C.H. Robinson Worldwide to Double Spending on Freight Technology

C.H. Robinson Worldwide Inc., the biggest freight broker in North America, will double its technology spending over the next five years as it fends off challenges from a growing field of digital startups.

The Eden Prairie, Minn.-based company plans to spend $1 billion to hire more data scientists, engineers and developers to expand its technology and develop new services in an estimated $86.5 billion U.S. domestic market for managing freight transportation.

The spending plan comes as digital freight-booking startups such as Uber Technologies Inc. ’s Freight unit, Seattle-based Convoy and New York-based Transfix Inc. are jockeying to take a bigger slice of the truck-brokerage market with technology that aims to connect truckers with shippers more efficiently.

Their push to automate the manual processes in booking freight shipments, including mobile apps and clear views of capacity and pricing, is helping reshape freight brokerage.

That could reduce profitability for the middlemen that arrange the transport of goods for manufacturers, retailers and other businesses, Stephens Inc. analyst Jack Atkins wrote in a recent research note.

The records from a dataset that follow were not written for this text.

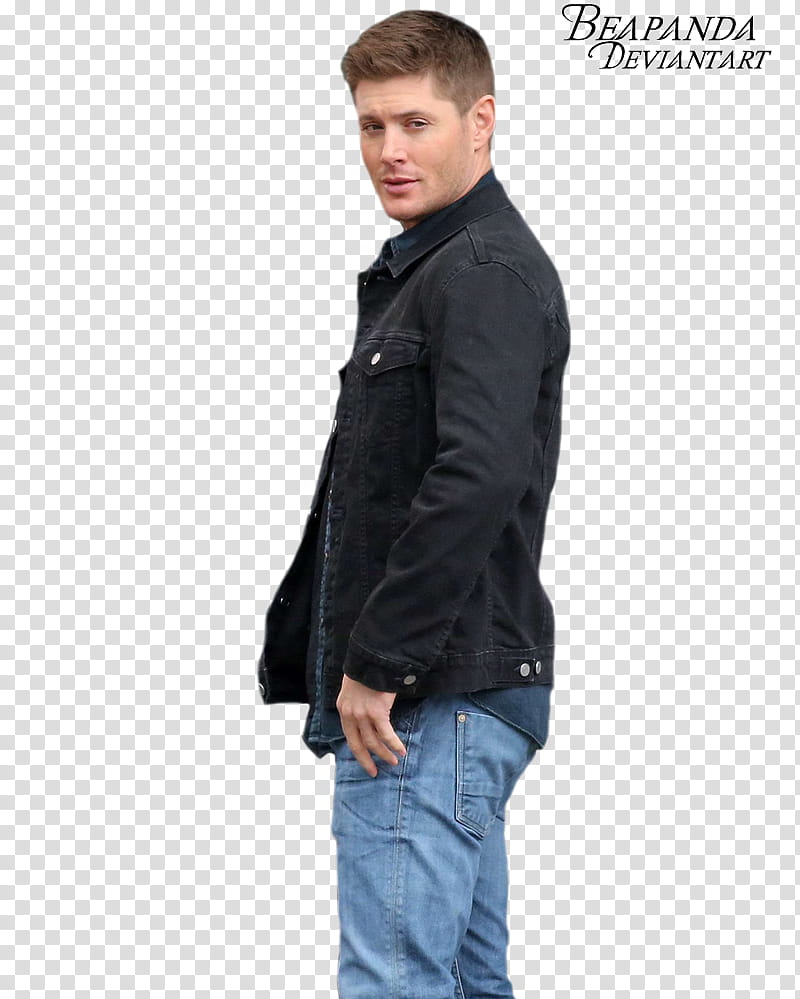 Jensen Ackles, man putting his finger in pocket transparent background PNG clipart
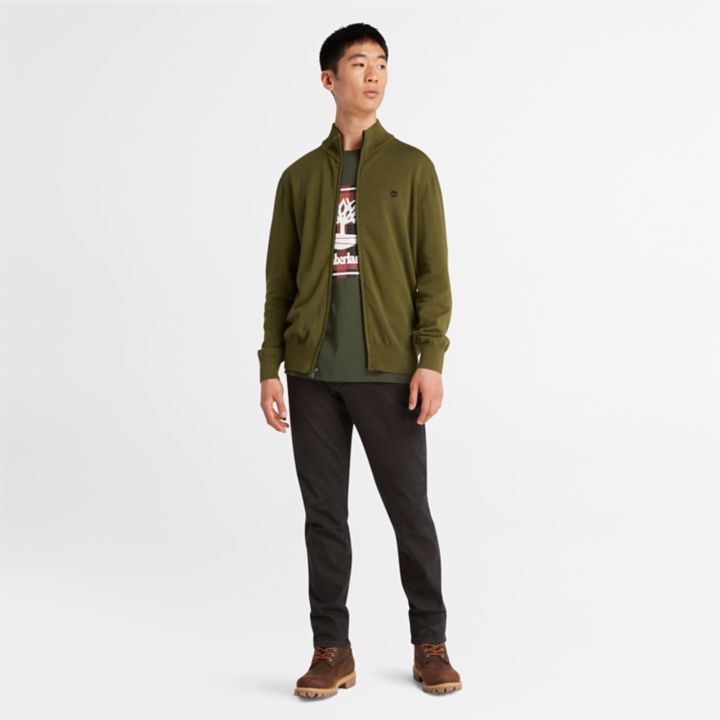 Suéter masculino Williams River com zíper frontal na cor verde.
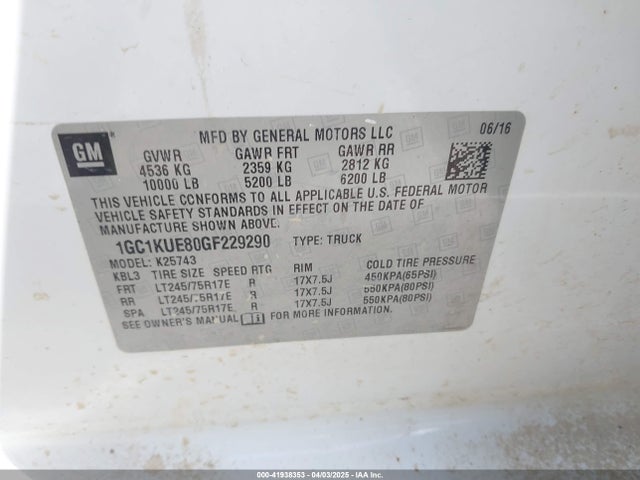 1GC1KUE80GF229290 Chevrolet Silverado 2500hd Wt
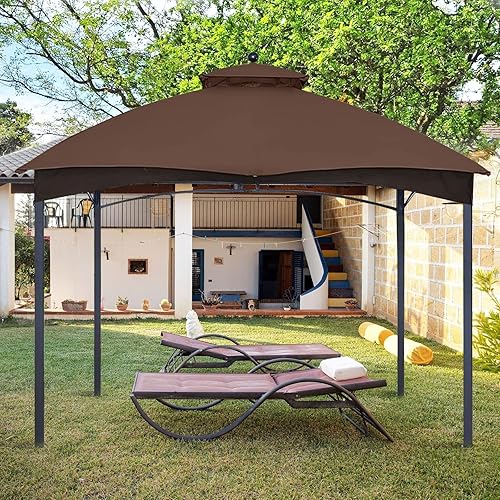 Miniatura 8 de Toldo de repuesto para kiosco de 5 x 8 pies, cubierta superior para kiosco de barbacoa al aire libre, cubierta de refugio de parrilla doble cansada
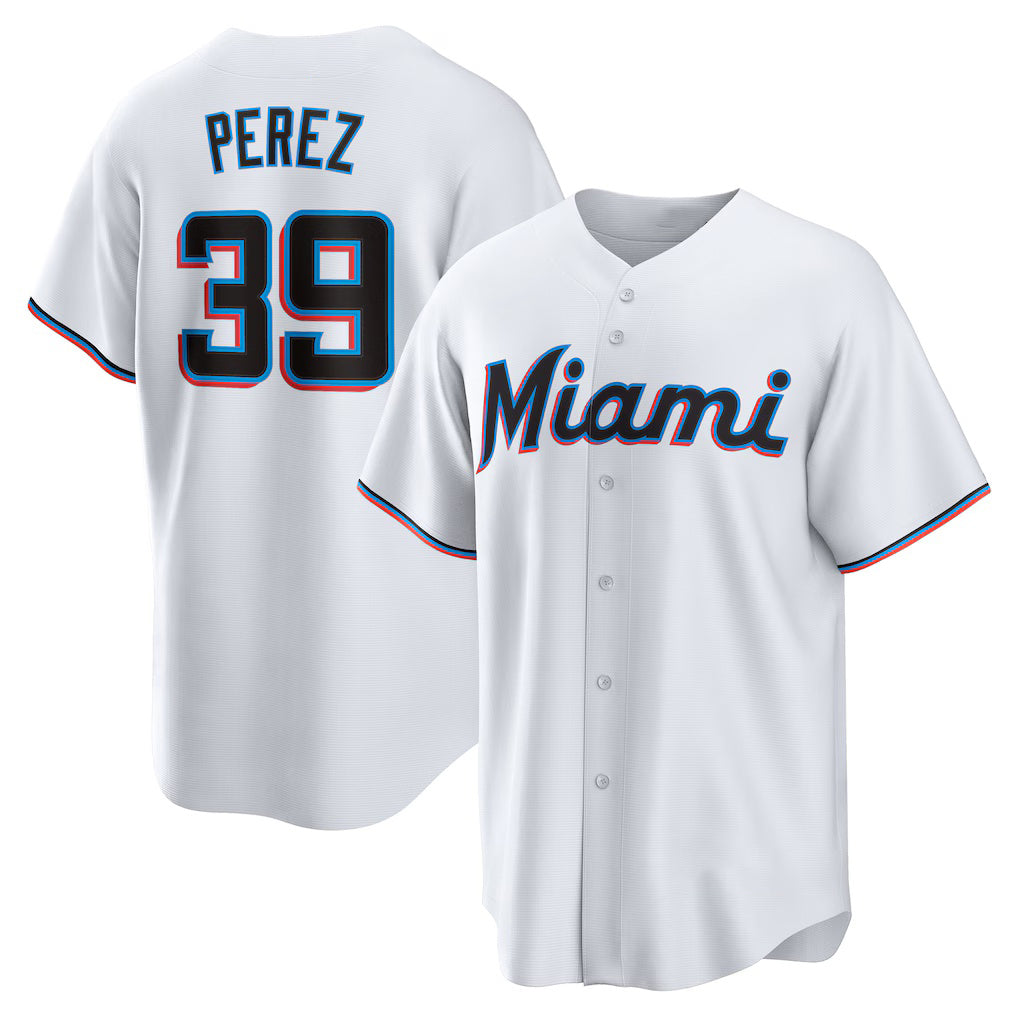Miami Marlins #39 Eury Perez White HeidiMiller Home Replica Jersey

Some of the newer digital brokers “appear to be offering aggressive market rates to both small carriers and shippers in an effort to build scale and take market share,” Mr. Atkins wrote. “These market players are now big enough to impact market pricing, and we believe this is causing established players to accelerate technology investments to drive higher productivity as they look to defend or expand market share.”

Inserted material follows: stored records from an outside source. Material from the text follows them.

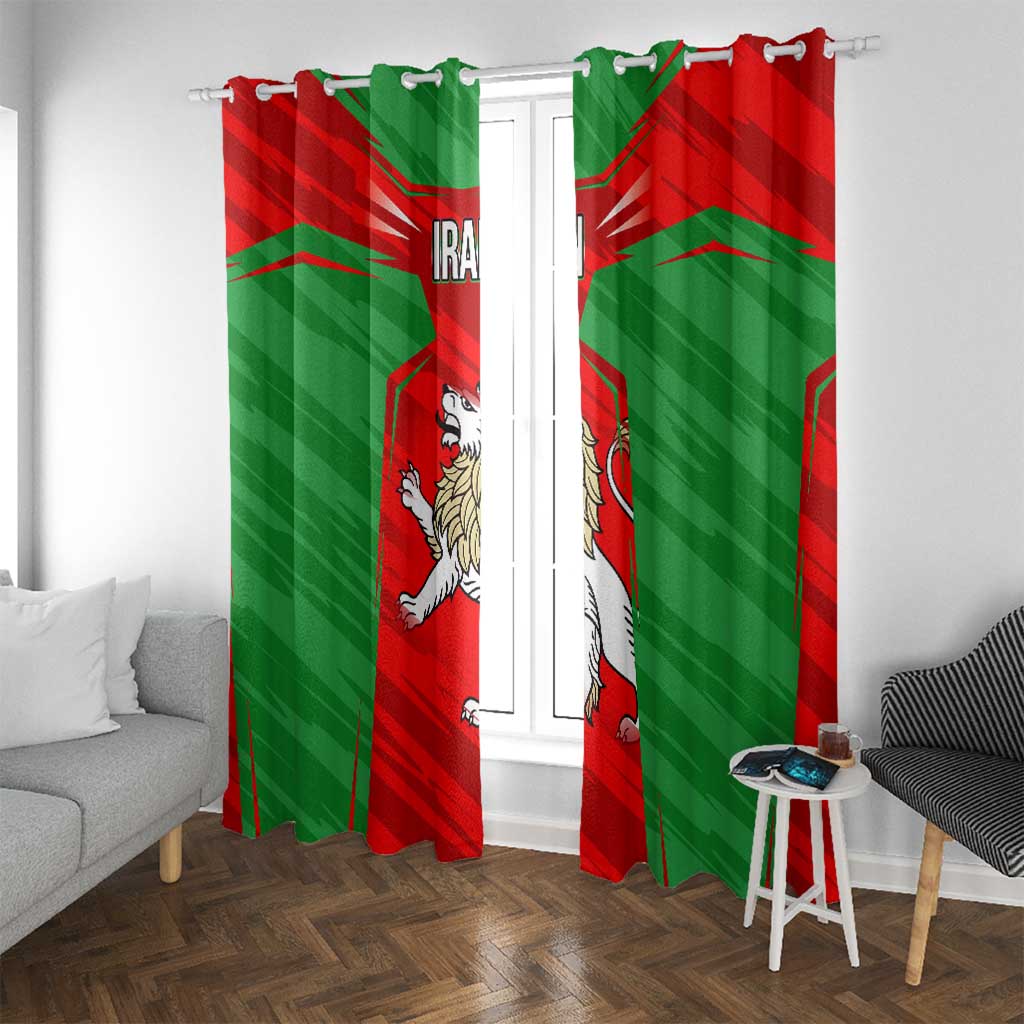 Iran National Pride Window Curtain with Bold Lion Crest and Country Silhouette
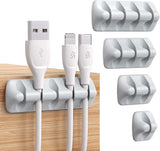 (grey) Cable Clip 5 Piece Multipurpose Cable Organizer Kit For Desktop - White
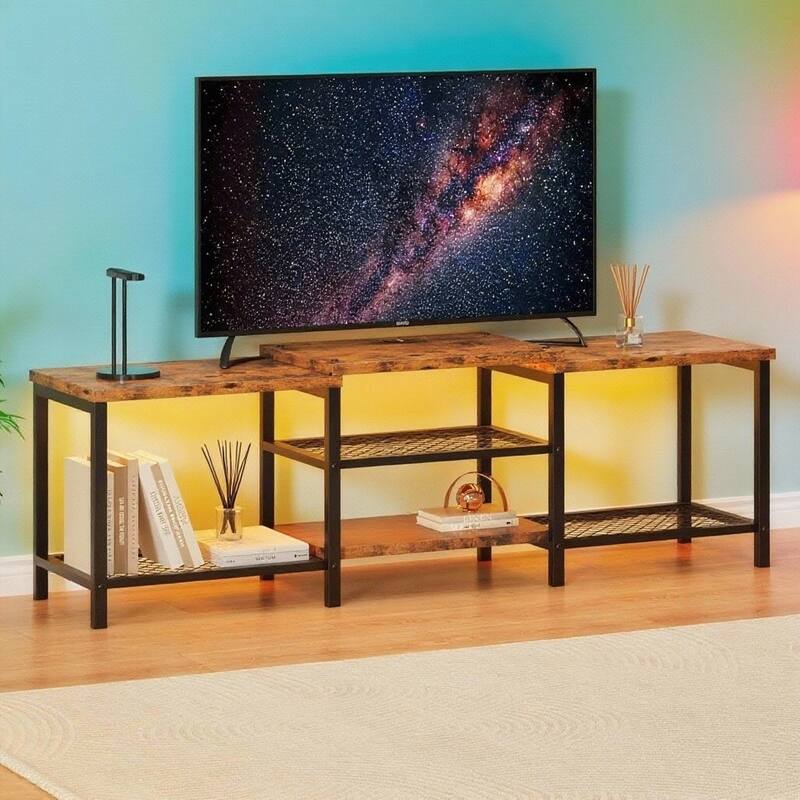 TV Stand with LED Lights, with Power Outlets, for 55/65/75 - Rustic Brown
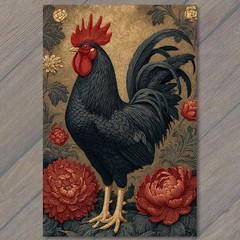 STICKER Black Rooster Red Roses Gold Floral Pattern Country Farm Chicken
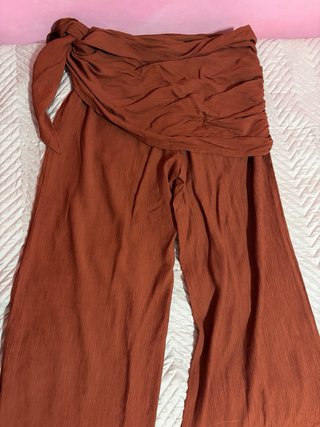 Pantalón palazzo marrón teja Zara NUEVO con etique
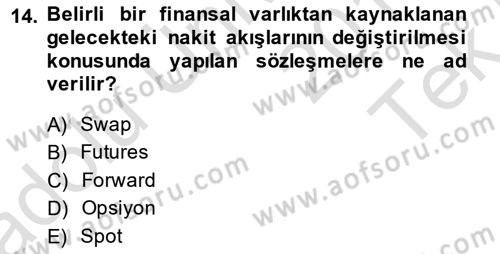 Türev Araçlar Dersi 2014 - 2015 Yılı Tek Ders Sınav Soruları 14. Soru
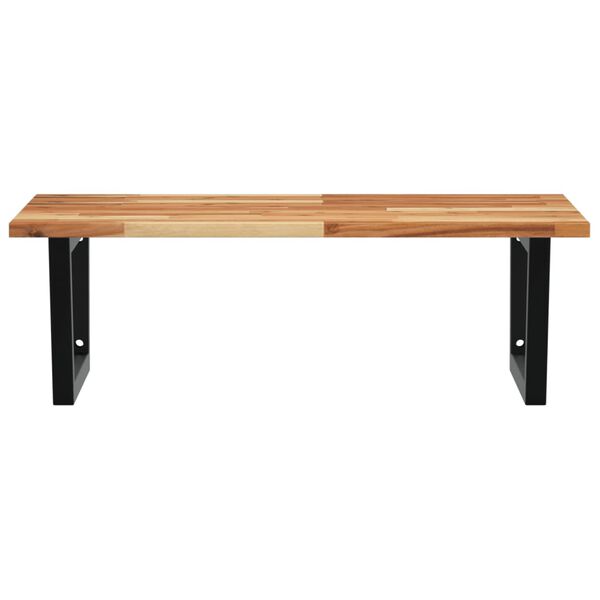 vidaXL Prateleira de parede p/ lavat&oacute;rio a&ccedil;o/madeira de ac&aacute;cia maci&ccedil;a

Established transportation and logistics companies including XPO Logistics Inc. and J.B. Hunt Transport Services Inc. are also spending millions to automate and digitize their brokerage operations. XPO Logistics has increased its capital spending from $504 million in 2017 to a planned $650 million this year, the company said, much of it going toward technology.

C.H. Robinson Chief Executive Bob Biesterfeld downplayed the impact of the startups, noting the company is adding newly available technology at a rapid rate and that, after all, it handles far more business than its competitors, both tech-forward operators and traditional middlemen.

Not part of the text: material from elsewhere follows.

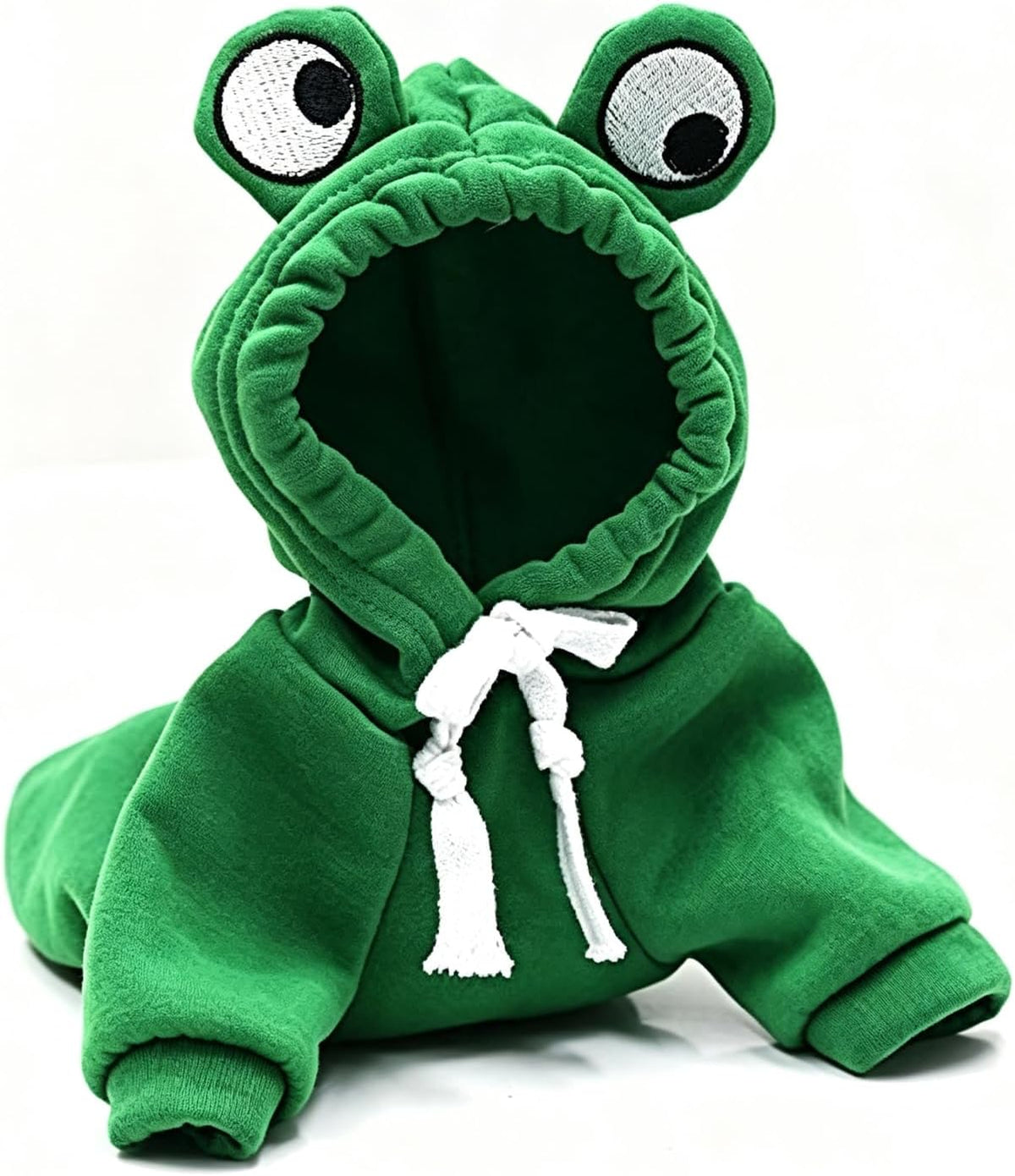 Warm Fleece Lined Dog Hoodie Winter Cute Coat Frog Costume XS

C.H. Robinson CEO Bob Biesterfeld PHOTO: C.H. ROBINSON

“We’ve been in the freight-matching business really since the deregulation of transportation in 1980,” Mr. Biesterfeld said in an interview. “We are around three times bigger than the next largest North American brokerage provider, and somewhere around 14 times larger than the combination of the two largest digital upstart brokerages.”

Founded in 1905 as a wholesale produce brokerage house, C.H. Robinson last year generated $16.6 billion in gross revenue from brokerage, global freight forwarding and other business lines.

The company is by far the largest player in a highly fragmented U.S. market. Research firm Armstrong & Associates estimates the domestic transportation management market, which includes brokerage and other logistics services, generated $86.5 billion in revenue last year. C.H. Robinson’s North American Surface Transportation segment, which provides trucking and other freight services, counted $11.2 billion in gross revenue last year.